Single Agent Backtesting
The single agent backtest runs the perpetual futures decision logic against historical OHLCV data, simulating trades without placing real orders. Use it to validate your configuration before going live.
Quick Start
uv run python backtest.py \
--symbol BTC \
--strategy single \
--start-date 2024-01-01 \
--end-date 2024-12-01
Command Reference
usage: backtest.py [--symbol SYMBOL] [--strategy {single,grid}]
[--start-date DATE] [--end-date DATE]
[--config CONFIG] [--resume-from REPORT]
[--output-dir DIR]
Options:
--symbol Asset to backtest (e.g. BTC, ETH)
--strategy Backtest strategy: single (default) or grid
--start-date Start date in YYYY-MM-DD format
--end-date End date in YYYY-MM-DD format
--config Path to config.yaml (default: config.yaml)

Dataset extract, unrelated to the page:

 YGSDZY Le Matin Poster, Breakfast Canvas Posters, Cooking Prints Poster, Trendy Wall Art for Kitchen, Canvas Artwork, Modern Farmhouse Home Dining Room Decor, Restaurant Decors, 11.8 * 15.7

--resume-from Resume from a previous run's live_report.json
--output-dir Output directory (default: backtest_results/)
How the Backtest Works
-
Data download: Historical OHLCV data for the symbol and date range is fetched from Hyperliquid. Data is cached locally under
data/to avoid re-downloading. -
Indicator computation: The same
indicators.pyfunctions used in live trading compute MA, RSI, MACD, Bollinger Bands from the historical candles. -
LLM decisions: The actual LLM is called for each decision point using your configured model. This means backtesting uses real API credits.
-
Simulated execution: Trades are simulated using the historical close price. Slippage and fees are modeled (Hyperliquid Tier 0 fees).
-
Results output: A detailed report is saved to
backtest_results/.
Unlike some backtest frameworks that replay cached decisions, Quant Flow calls the LLM for each historical decision point. This gives realistic results but costs real API credits. A 12-month backtest on BTC with 3-minute intervals = ~175,000 decision points. Configure scheduler.interval_minutes appropriately to control cost.
Output
After the backtest completes, you'll find in backtest_results/<symbol>_<timestamp>/:
backtest_results/
└── BTC_20241201_143022/
├── live_report.json # full trade-by-trade log
├── summary.json # aggregate statistics
├── equity_curve.png # equity curve chart
└── trade_log.csv # CSV export of all trades
Key Metrics in summary.json
{
"total_return_pct": 34.2,
"sharpe_ratio": 1.87,
"max_drawdown_pct": -12.4,
"win_rate": 0.58,
"total_trades": 247,
"avg_profit_per_trade_usd": 1.83,
"largest_win_usd": 48.20,
"largest_loss_usd": -23.10,
"profit_factor": 1.94
}
Resuming Interrupted Backtests
If a backtest is interrupted (network issue, API error), resume from where it stopped:
uv run python backtest.py \
--symbol BTC \
--strategy single \
--start-date 2024-01-01 \
--end-date 2024-12-01 \
--resume-from backtest_results/BTC_20241201_143022/live_report.json
The backtest reads existing trades from live_report.json and continues from the last completed decision point.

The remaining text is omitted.